0 Comment
Upacara Adat Istiadat dan Kepercayaan Suku Baduy Banten

Upacara-Adat-Istiadat-dan-Kepercayaan-Suku-Baduy-Banten

-Upacara adat Banten-Postedby-BukanTrik-, Sistem kepercayaan dasar masyarakat Baduy yaitu penghormatan terhadap roh nenek moyang dan kepercayaan kepada satu kuasa, yakni Batara Tunggal. Keyakinan mereka itu disebut sebagai Sunda Wiwitan atau agama Sunda Wiwitan.

Yang Orientasi, konsep keagamaannya ditujukan kepada pikukuh agar supaya orang hidup menurut alur itu dalam menyejahterakan kehidupan Baduy dan dunia ramai (orang Baduy dari hirarki tua dan dunia ramai keturunan yang lebih muda).

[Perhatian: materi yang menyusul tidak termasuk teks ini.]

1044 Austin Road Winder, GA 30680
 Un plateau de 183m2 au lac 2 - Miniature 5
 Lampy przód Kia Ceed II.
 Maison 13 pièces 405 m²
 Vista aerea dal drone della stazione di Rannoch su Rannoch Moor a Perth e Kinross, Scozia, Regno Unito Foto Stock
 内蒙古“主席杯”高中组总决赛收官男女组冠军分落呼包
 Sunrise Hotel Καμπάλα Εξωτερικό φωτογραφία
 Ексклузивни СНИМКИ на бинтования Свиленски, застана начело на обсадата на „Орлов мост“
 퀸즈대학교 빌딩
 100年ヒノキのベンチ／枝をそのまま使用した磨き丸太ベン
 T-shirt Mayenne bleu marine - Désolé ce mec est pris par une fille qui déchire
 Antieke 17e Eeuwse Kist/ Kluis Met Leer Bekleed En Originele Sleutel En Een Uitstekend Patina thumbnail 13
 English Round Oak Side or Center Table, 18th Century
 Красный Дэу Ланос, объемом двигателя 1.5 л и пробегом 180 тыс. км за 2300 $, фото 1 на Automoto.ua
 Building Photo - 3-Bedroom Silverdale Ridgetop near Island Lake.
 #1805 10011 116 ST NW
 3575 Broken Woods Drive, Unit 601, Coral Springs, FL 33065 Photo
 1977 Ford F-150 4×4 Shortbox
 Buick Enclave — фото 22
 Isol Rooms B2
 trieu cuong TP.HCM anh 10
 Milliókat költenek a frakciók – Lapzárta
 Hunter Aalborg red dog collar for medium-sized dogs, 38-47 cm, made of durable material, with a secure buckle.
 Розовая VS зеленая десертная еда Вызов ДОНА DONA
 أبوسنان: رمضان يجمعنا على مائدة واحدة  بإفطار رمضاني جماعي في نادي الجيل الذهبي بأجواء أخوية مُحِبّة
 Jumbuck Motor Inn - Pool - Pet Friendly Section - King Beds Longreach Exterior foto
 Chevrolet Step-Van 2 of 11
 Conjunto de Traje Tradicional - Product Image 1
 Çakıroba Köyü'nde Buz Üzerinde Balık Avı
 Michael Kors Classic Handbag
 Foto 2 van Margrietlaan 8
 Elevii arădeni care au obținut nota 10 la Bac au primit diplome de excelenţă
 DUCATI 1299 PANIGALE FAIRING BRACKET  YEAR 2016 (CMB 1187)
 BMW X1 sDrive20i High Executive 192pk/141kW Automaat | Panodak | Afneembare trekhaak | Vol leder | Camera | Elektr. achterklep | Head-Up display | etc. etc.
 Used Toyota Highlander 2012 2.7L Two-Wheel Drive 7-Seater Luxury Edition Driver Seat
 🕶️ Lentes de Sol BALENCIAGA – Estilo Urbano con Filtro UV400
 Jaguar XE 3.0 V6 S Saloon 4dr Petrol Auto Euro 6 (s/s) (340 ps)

Mereka bertugas menyejahterakan dunia melalui tapa (perbuatan, bekerja) dan pikukuh apabila Kanekes sebagai inti jagat selalu terpelihara baik, maka seluruh kehidupan akan aman sejahtera. Gangguan terhadap inti bumi ini berakibat fatal bagi seluruh kehidupan manusia di dunia.

Konsep keagamaan dan adat terpenting yang menjadi inti pikukuh Baduy tanpa perubahan apa pun, seperti dikemukakan dalam peribahasa “lojor teu meunang dipotong, pondok teu meunang disambung” (panjang tak boleh dipotong, pendek tak boleh disambung). Konsep-konsep itu tidak berada dalam diri orang Baduy sendiri yang kekuatannya tergantung dari tindakan atau perbuatan seseorang.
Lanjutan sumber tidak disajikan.